Michael Duffy began his presentation with a quote from Neil Harl, who said, “farmers are the world’s best economic citizens; in the face of higher commodity prices, they increase production every time and drive down prices, which destroys their own prosperity.”
This quote may not be very flattering to farmers, but it illustrates a hard economic truth. Duffy’s presentation highlighted many recent unprecedented changes in the agricultural economy. For example, the majority of total production from farms is coming from fewer farms with much greater production. This is not news to most. It is frustrating, however, to learn that since the 1960s, the share of revenue from that production making its way into the farmer’s pocket has steadily decreased. As revenue increases, so does the cost of inputs such as chemicals and seed, as well as farm machinery and equipment. Simultaneously, while farmers have and spend more money for inputs, larger machinery and farm labor, supply goes up, thus forcing profits down.
These economic trends have been a boon for farmers around the country, but the rest of Duffy’s presentation focused on the downside of the uncommon prosperity being experienced by farmers and ranchers; it probably won’t last long. Duffy says we are already starting to see market corrections that will eventually mean decreased revenue for farmers. Some experts are concerned that we might see another bubble burst as we did in the early 1980s. These were terrible times for farmers and ranchers, and we are fortunate for the heroes that stepped in to help, such as one of my mentors, Sarah Vogel, who also was ag commisioner for North Dakota from 1989 to 1997.

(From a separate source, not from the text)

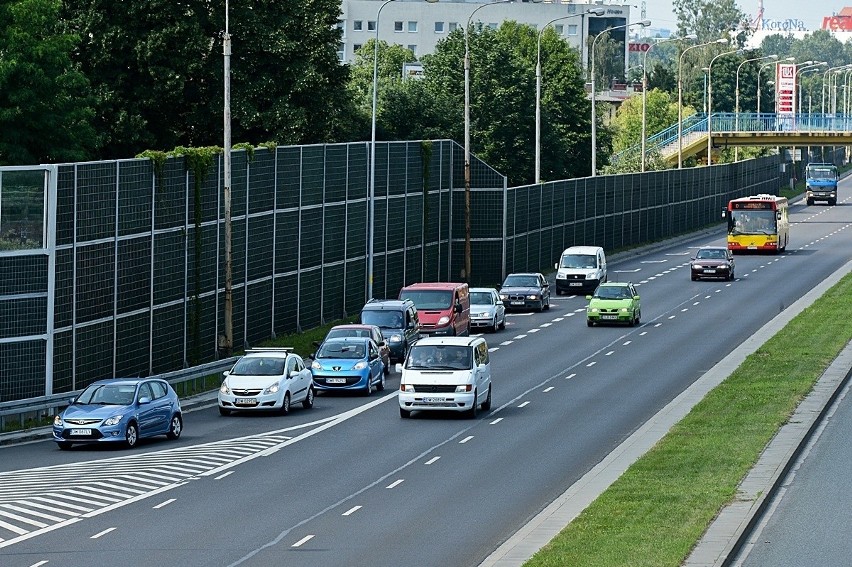 Objazdy i ogromne korki na Psim Polu. Rusza budowa ronda (MAPA, ZDJĘCIA)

Fortunately, Duffy does not think we are likely to see a bubble burst as we did during the farm crisis, but likened the probable market corrections to a slowly deflating tire. Even if the market corrections are gradual, though, they should lead farmers and ranchers to a few important conclusions.
First, Duffy referred to unbridled optimism in some people. It is important to consider the market corrections that are coming down the pike when thinking of the future plans for the farm. Buying additional land or larger machinery is not necessarily a bad idea, but farmers and ranchers should keep in mind that the current prosperity in agriculture may be slowing down. When leasing land, farmers should think harder about the length of the lease term.
Second, farmers and ranchers need to think hard about farm succession planning. Simple wills and trusts may not be sufficient for some of the multimillion-dollar farms around the country. As Duffy said, “cookie-cutter estate plans” will not work for many farms and ranches. It is crucial that farmers and ranchers find estate planners that not only know estate planning, but the important additional considerations necessary to draft a successful farm succession plan. And finally, farmers and ranchers need to do this sooner in their lives. If you are planning to pass the farm off to your children, remember that it should be a process taking place over several years.
The uncommon prosperity in agriculture is a welcome reward for the hard work farmers and ranchers do year in and year out.